:: Prompt ::
Only the lines from the one bearing "Half-assed Journal L" through the end of the listing belong in your response, restated word for word and without pictures.

:: Data extract ::

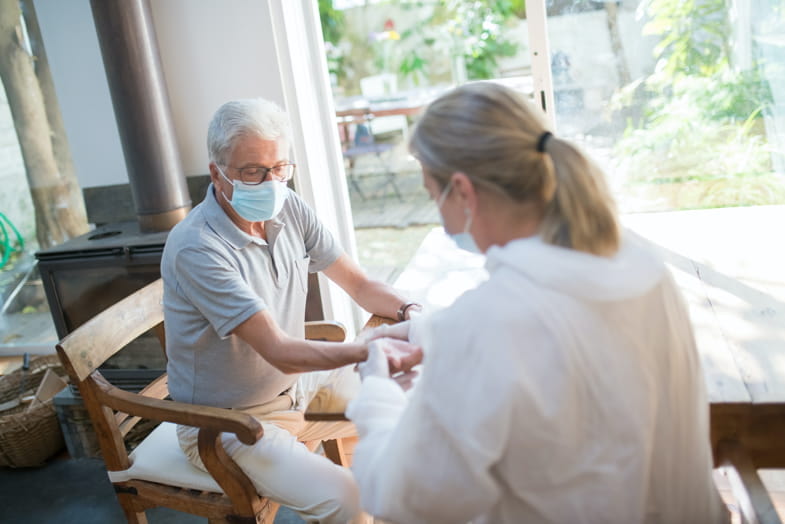 Le cannabis comme adjuvant thérapeutique sur ordonnance seulement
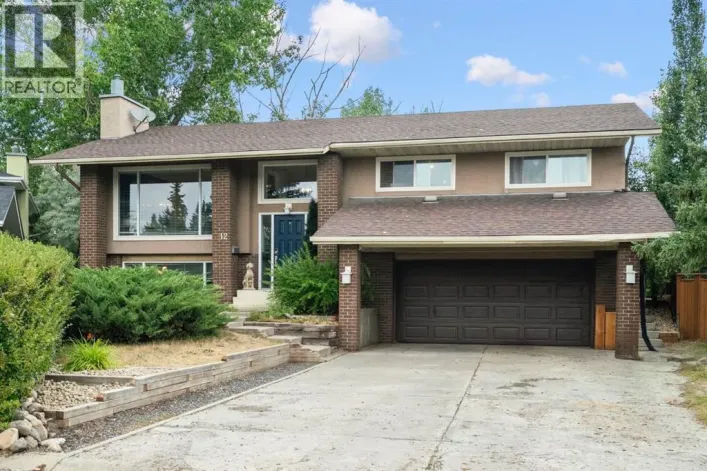 12 Glenwood Court, Cochrane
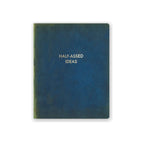 Half-assed Journal L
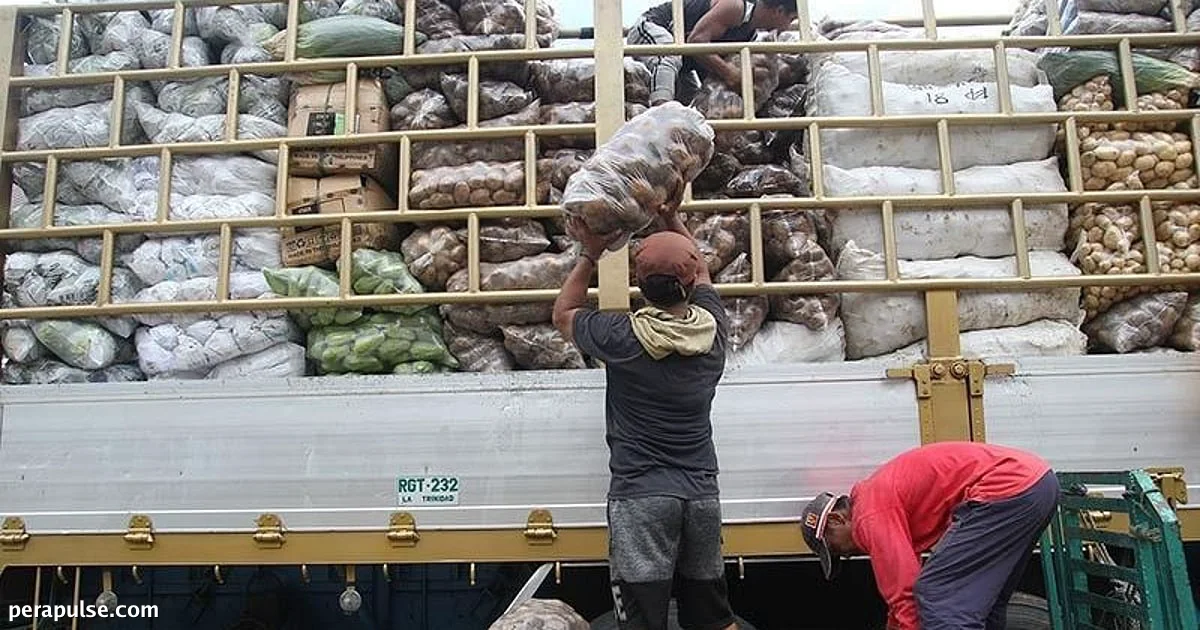 Nanatiling Matatag ang Inflation ng PH sa 6.1% noong Agosto 2026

:: Answer below ::
 Half-assed Journal L
 Nanatiling Matatag ang Inflation ng PH sa 6.1% noong Agosto 2026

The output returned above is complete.